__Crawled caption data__
BEGIN

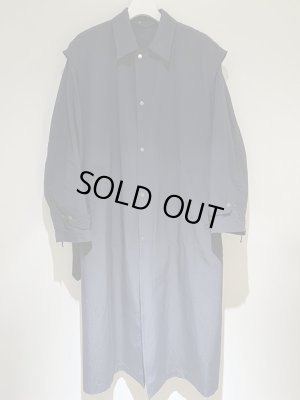 画像12: YOKE（ヨーク） デタッチャブル ダスターコート ネイビー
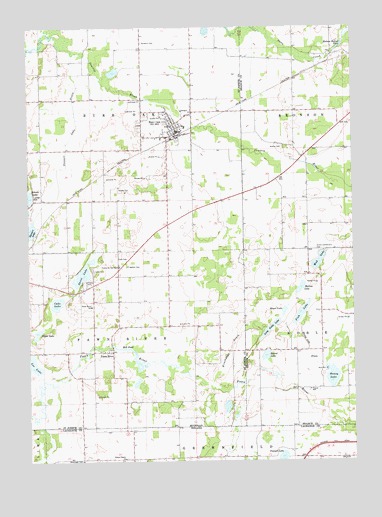 Burr Oak, MI USGS Topographic Map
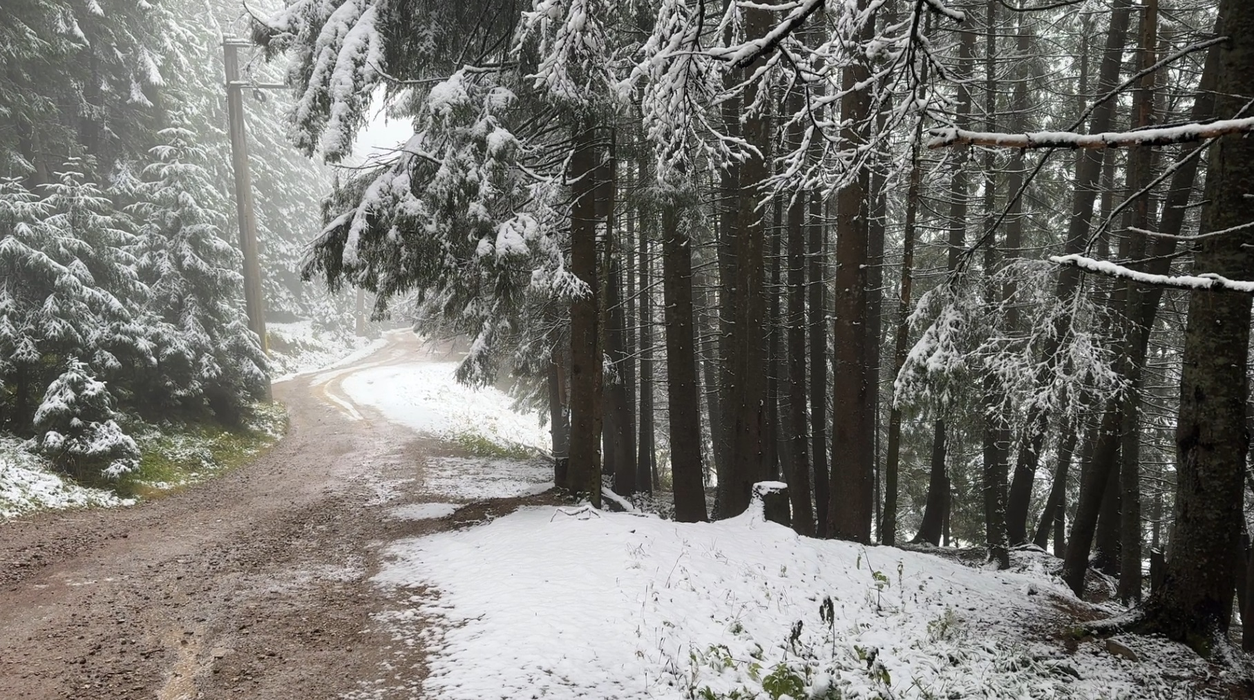Suceava, Giumalău || Rarău. Sursă: Facebook Meteoplus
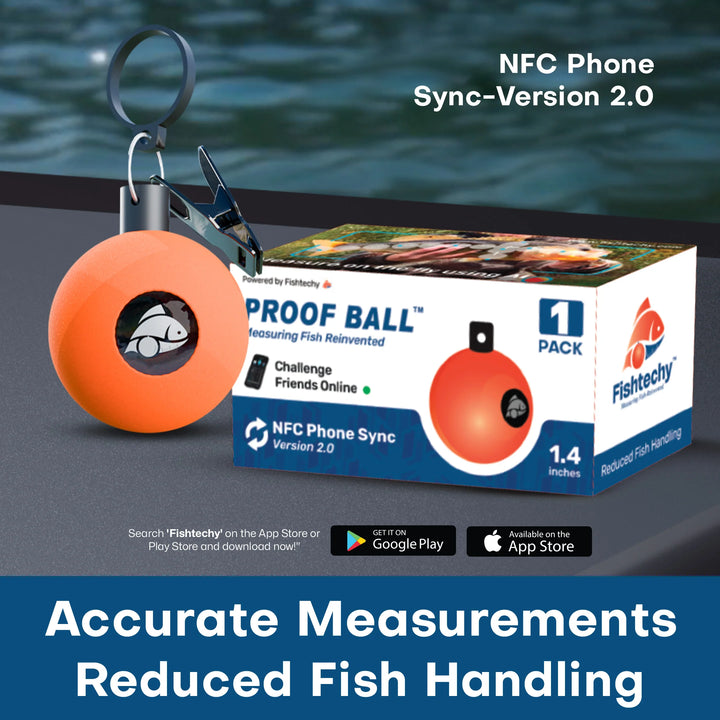 Fishtechy Orange PROOF BALL - On Water Accessories - Fly Fish Food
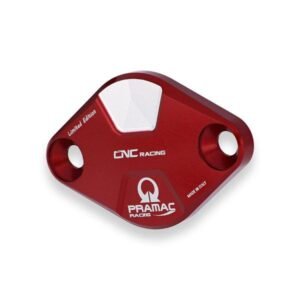 CNC Racing Pramac raudona variklio dangtelio apsauga – Ducati Diavel V4 2023–2024 / Ducati Multistrada V4 2021–2024 ir kt.
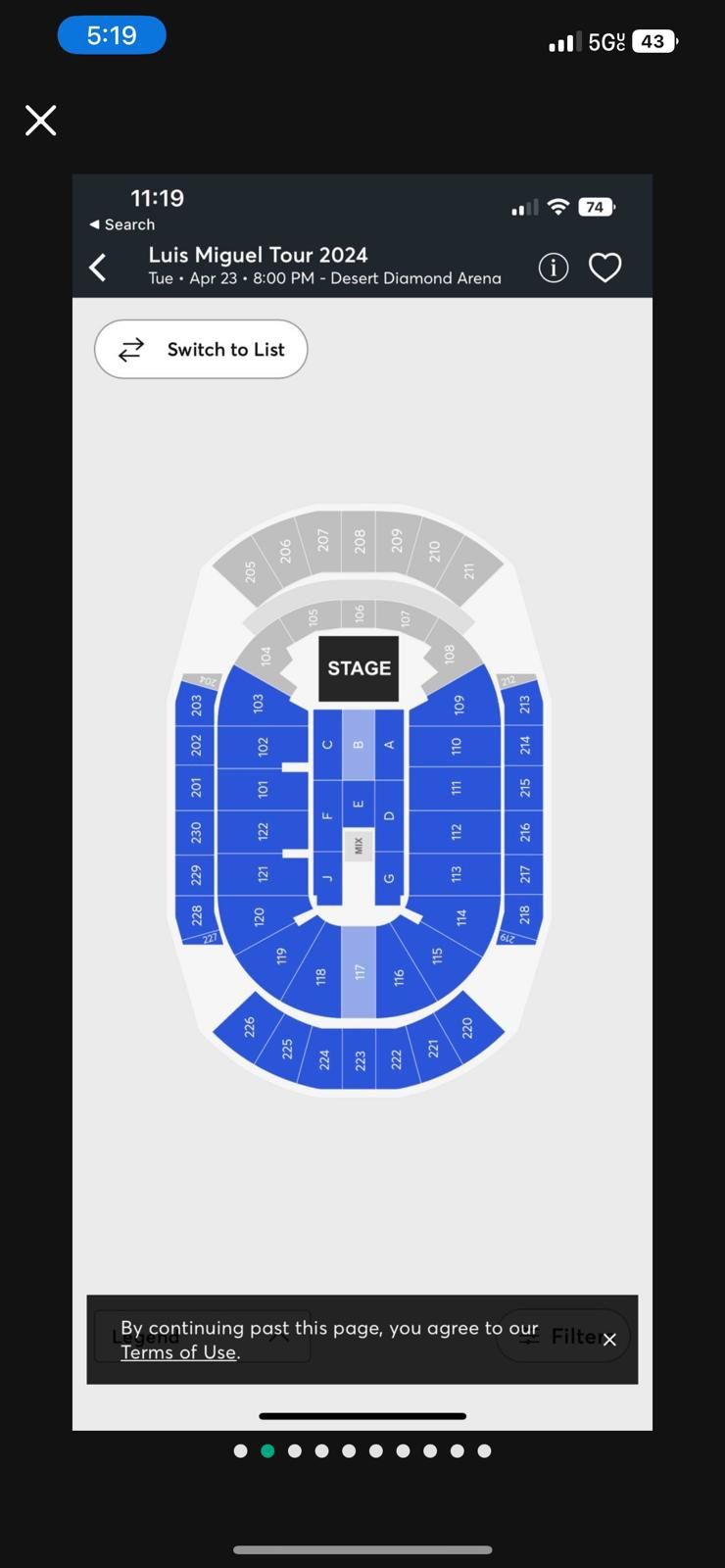 LUIS MIGUEL TICKETS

END

__WORK REQUEST__
Retype the records above exactly. Leave the pictures out.

__ANSWER BOX__
 画像12: YOKE（ヨーク） デタッチャブル ダスターコート ネイビー
 Burr Oak, MI USGS Topographic Map
Suceava, Giumalău || Rarău. Sursă: Facebook Meteoplus
 Fishtechy Orange PROOF BALL - On Water Accessories - Fly Fish Food
 CNC Racing Pramac raudona variklio dangtelio apsauga – Ducati Diavel V4 2023–2024 / Ducati Multistrada V4 2021–2024 ir kt.
 LUIS MIGUEL TICKETS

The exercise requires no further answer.